Yarattığı yapıtlar ve Batman, Superman gibi var olan karakterleri dönüştürdüğü hikayeleriyle hem çizgi roman dünyasında hem de Hollywood'da kendine özel bir yer edinen Frank Miller'ın Tom Wheeler ile birlikte yarattığı yeni projesi The Cursed, Netflix'te yayınlanmaya başladı. İngilizlerin efsanevi Excalibur kılıcı efsanesini kadın karakterin aracılığıyla aktaran ikili dizinin başrol oyuncularıyla sohbet ettik. Dizide Arthur'u canlandıran Devon Terrell, Weeping Monk karakterini canlandıran Daniel Sharman, Morgana'yı canlandıran Shalom Brune-Franklin ile birlikte Hollywood'un en başarılı oyuncularını barındıran Skarsgard ailesinin ferdi Gustaf Skarsgard'ı (kendisi Merlin karakterine can verdi) ve 13 Reasons Why isimli dizi ile şöhrete kavuşan Avustralyalı Katherine Langford, sorularımıza samimi yanıtlar verdi. Yiğit Can Kaytmaz: Bu projeye dahil olduğun anda neler hissettin? Devon Terrell: Beni heyecanlandıran bir projeydi bu. Daha önce hiç yapmadığım bir şeydi. Daha önce farklı bir ırktan birisi bu rolü üstlenmemişti ve çok heyecanlandım. Netflix, yönetmen ve senaristler beni çok destekledi. Sonuçta hepimiz üç aşağı beş yukarı hikayeyi biliyoruz ama bu hikayeyi çok değiştirdiler. Karakterlere derinlik kattılar. Daha önce de Barack Obama'yı canlandırdım ve insanların beklentilerine yanıt verdim. Dolayısıyla Arthur karakterinden ne beklendiğini biliyordum. Bu karakter ile ilgili bütün bilgileri ve detayları inceledim ve çok derinlemesine araştırma yaptım. YCK: Canlandırdığın Arthur karakteri de bazı zorluk yaşıyor ve dizi içerisinde gelişiyor. Gerçek hayattaki Devon ile Arthur arasında benzerlikler var mıdır? DT: Kesinlikle benzerlikler var. Ben bu karakterde çok şey öğrendim. Özellikle ilk bölümlerde affetmeyi öğrendim. Çünkü karakter bu bölümlerde yaptıklarıyla çevresindekilere çok zarar verdi. İkimiz de çok duygusalız, doğru olan şeyler için savaşırız ve birçok hata yapabiliriz. Diziyi izlerken, bir adam olmak için çok uzun bir yola çıktığını görebiliyorsunuz. YCK: Çekimlerde zorlandığın anlar oldu mu? DT: 10 aylık bir süreçte çektik ve hem fiziksel hem de zihinsel olarak çok karmaşık ve yoğun bir süreçti. Dolayısıyla 10 ay boyunca disiplinde kalmak çok zorlayıcıydı. Bir sonraki bölümde kılıçlarla bir sahne olduğunu öğrendiğinizde çalışmak çok daha da keyifliydi. Ertesi sabah kalkıp kılıç çalışması yaptık.
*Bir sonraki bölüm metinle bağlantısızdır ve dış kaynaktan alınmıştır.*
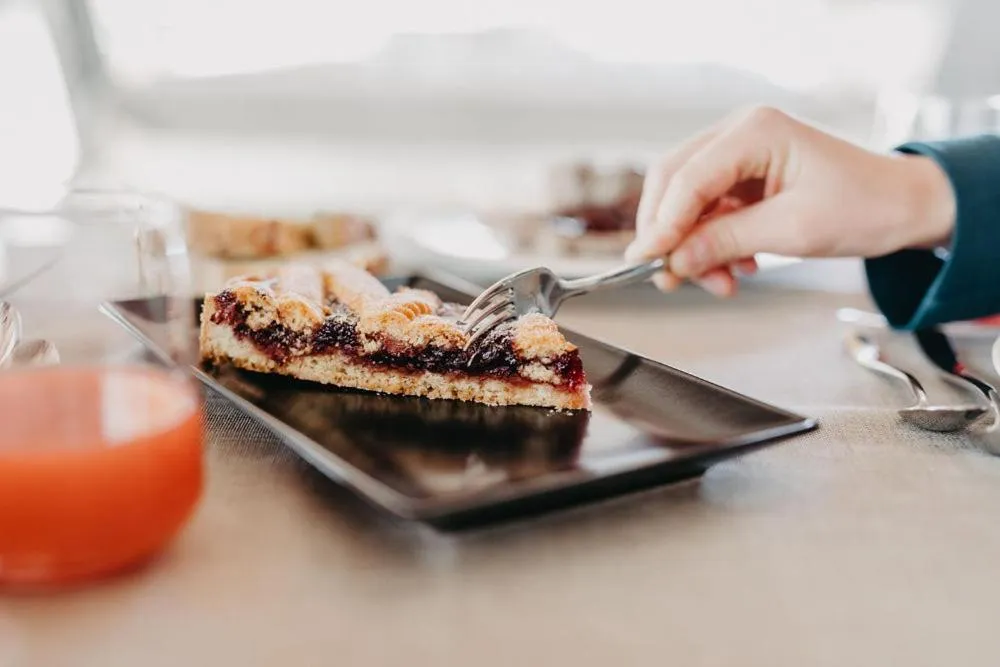 Restaurant/places to eat in Hotel Aurai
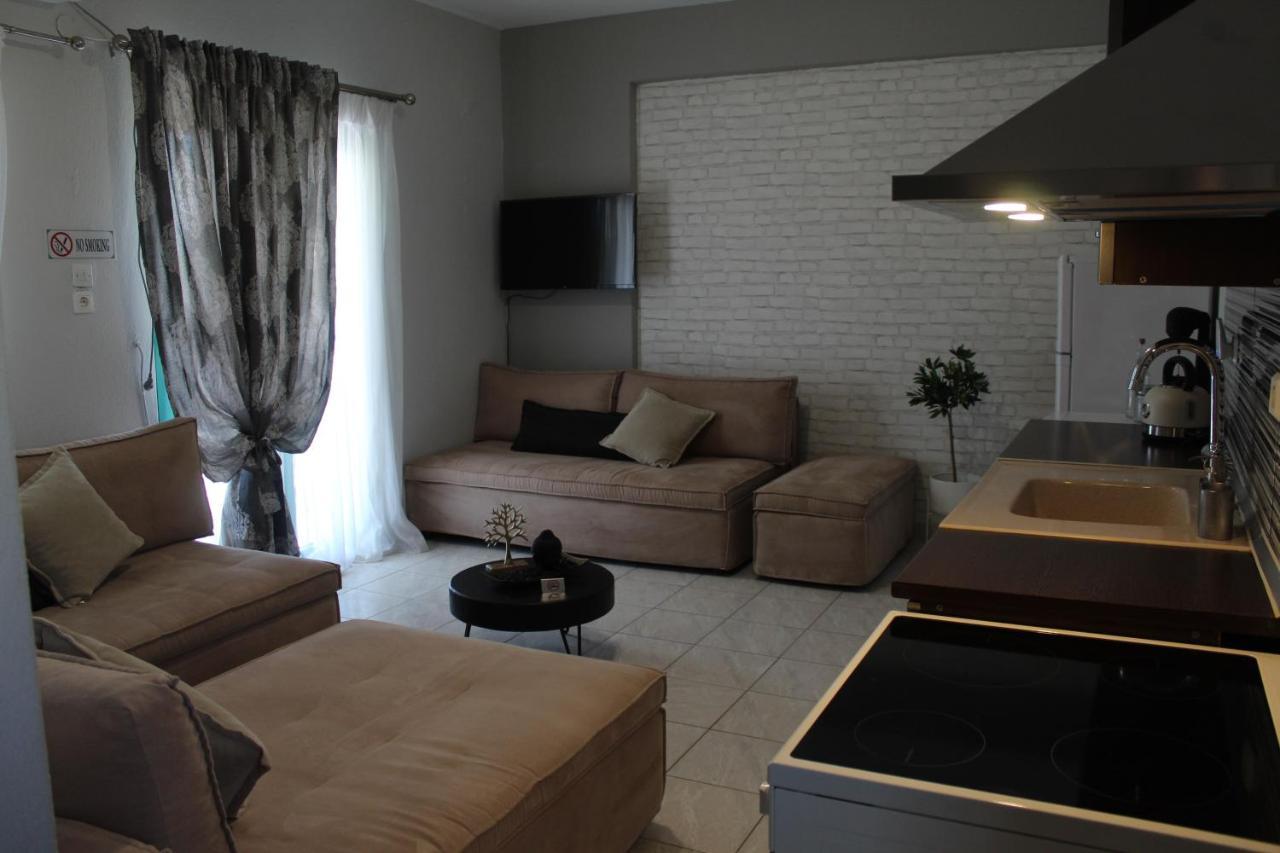 Azure Bliss Suites นิกิติ ภายนอก รูปภาพ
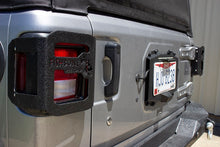 Load image into Gallery viewer, Jeep JL Tail Light Guards For 18-Pres Wrangler JL Fishbone Offroad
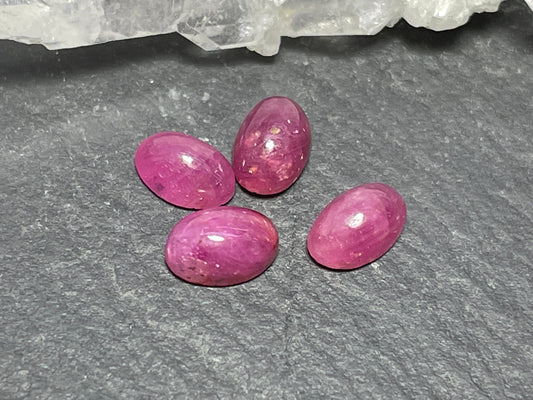 Ruby oval 4x6mm cabochon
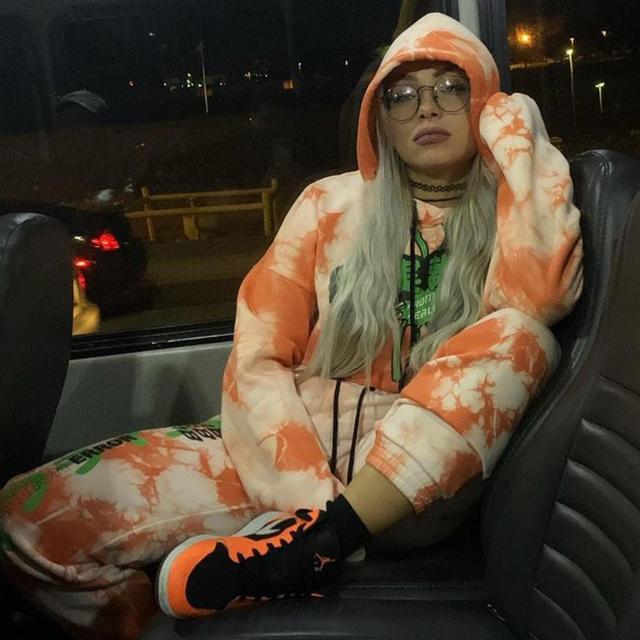 一席黑裙更显布瑞·贝拉的苗条身材曼迪·罗斯穿什么都挡不住她汹涌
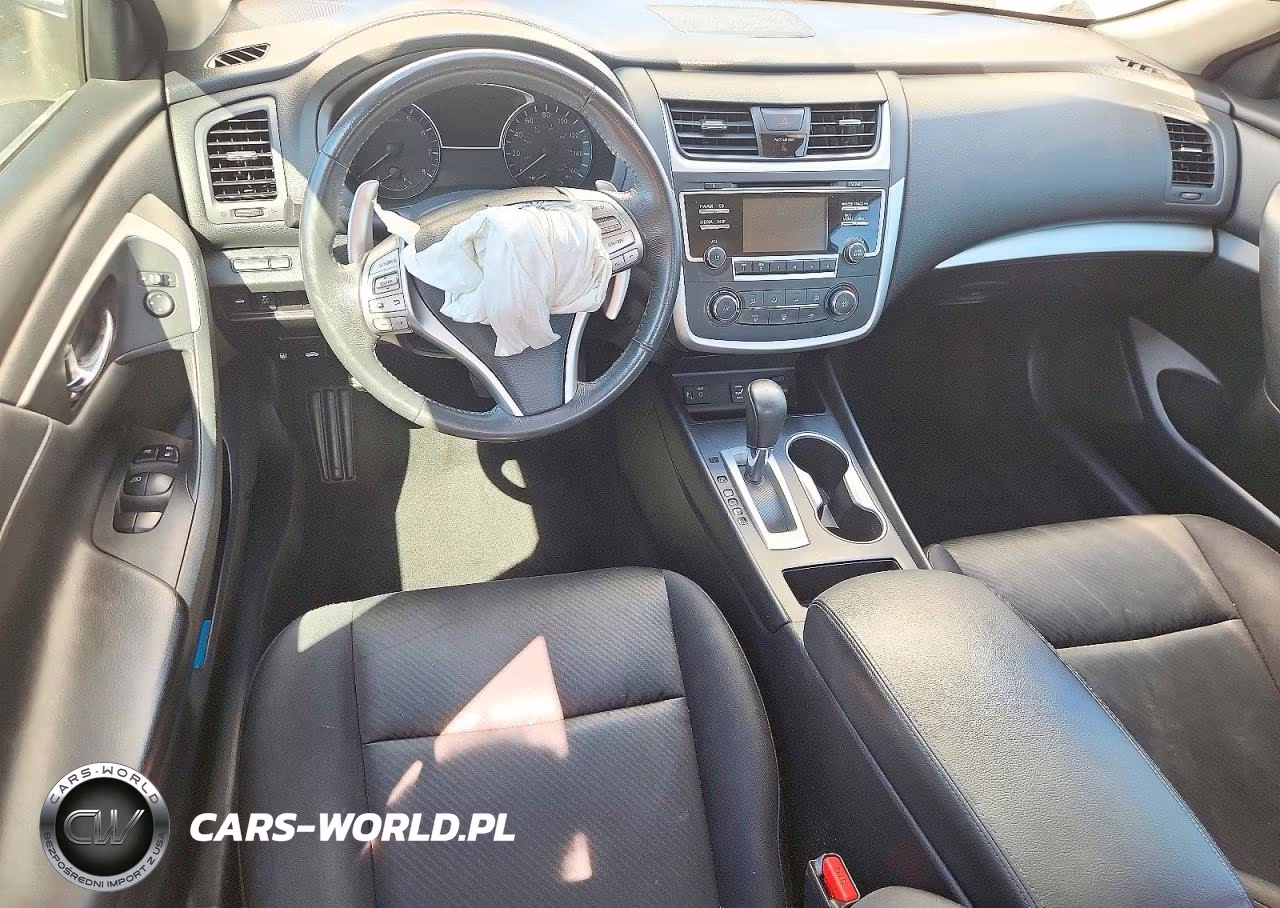 2017 Nissan Altima 2.5 Sr VIN:1N4AL3AP8HC136241 - 8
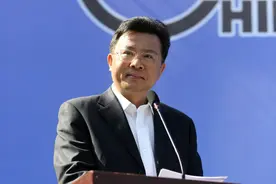 鲍洪俊将卸任浙报集团总编辑，张燕接任图片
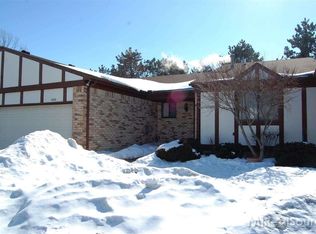 11636 Dorothy Ln, Warren, MI 48093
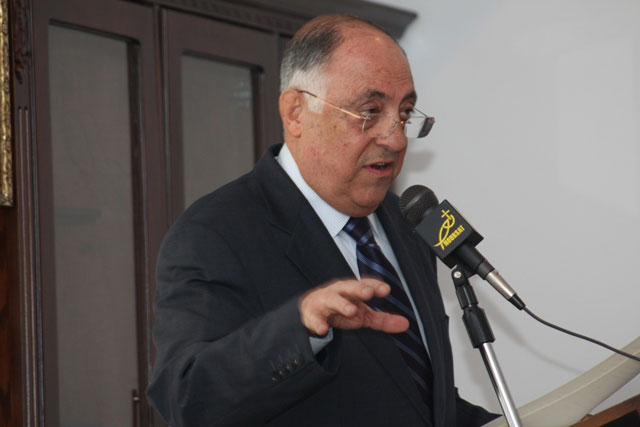 وزير الصناعة يؤكد أهمية المحافظة على توازن السوق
Arthur karakterini canlandıran Devon Terell, "Bu rolümün gençlere ilham vermesini istiyorum" diyor.
YCK: Sen daha önce Barack Obama'yı da canlandırdın. Senin için Arthur'u canlandırmak mı daha zordu, Barack Obama'yı canlandırmak mı? DT: Her ikisinin de zorlukları var. Bu Arthur yeni  bir dünyada ve yeni bir tarzda çekildi. Bazıları bunu sevecek bazıları da nefret edecek. Ben insanların dikkat edeceği bir karakter yaratmak istiyorum. Çok uzun bir süreçten geçiyor. Barack daha zorlayıcıydı çünkü eğer konuşmasını ya da aksanını beceremezsem alay konusu olurdum. Dilerim Arthur karakterini düzgün oynamışımdır çünkü içime sinen bir performans oldu. Özellikle siyahi gençlere ilham vermesini istiyorum. Genç birinin beni görüp ve ilham alması çok güzel olurdu. YCK: Arthur karakteri birçok dizi ve filmde de karşımıza çıkıyor. Diğer versiyonları izledin mi ya da ilham aldığın oldu mu? DT: Merlin'i izledim çocukken ve onu biliyorum ve o karakterin detaylarını biliyorum. Senaristler ise beni özgür bıraktı ve istediğim gibi yapmamı istediler. Onun geçmişini inceledim ve ben de büyülü bir kılıcım olsa ne yaparım diye düşündüm ve bu karakterin içindeki insanı çıkarmaya çalıştım. Yoksa karakterin içi çok boş olurdu. Sadece çın çın kılıç sahneleri olurdu. YCK: Setteki atmosfer nasıldı? DT: 10 ay gibi bir sürede çektiğimiz için hep oradaydık ve herkes birlikteydi ama herkesin planı ve programı farklıydı. Tom Wheeler sete gelirdi hep ve her şey ile ilgilenirdi. Tom ve Frank çok ilgililerdi ve Frank Miller'ın gözlerinde her şeyi görüp geçirmiş bir ifadesi vardı. Bunu size fark ettiriyordu. Sınırları daha da zorluyordu ve sizin performansınızı daha ileriye taşıyordu. YCK: Dizideki kılıç senin elinde olsaydı bununla ne yapardın? DT: Çok ciddi bir sorumluluk olurdu ama muhtemelen saklardım aynı Nimue'nin annesinin yaptığı gibi çünkü çok ciddi bir riski de beraberinde taşıyor. Ama Shalom'a da verebilirdim, o ne yapılabileceğini bilirdi.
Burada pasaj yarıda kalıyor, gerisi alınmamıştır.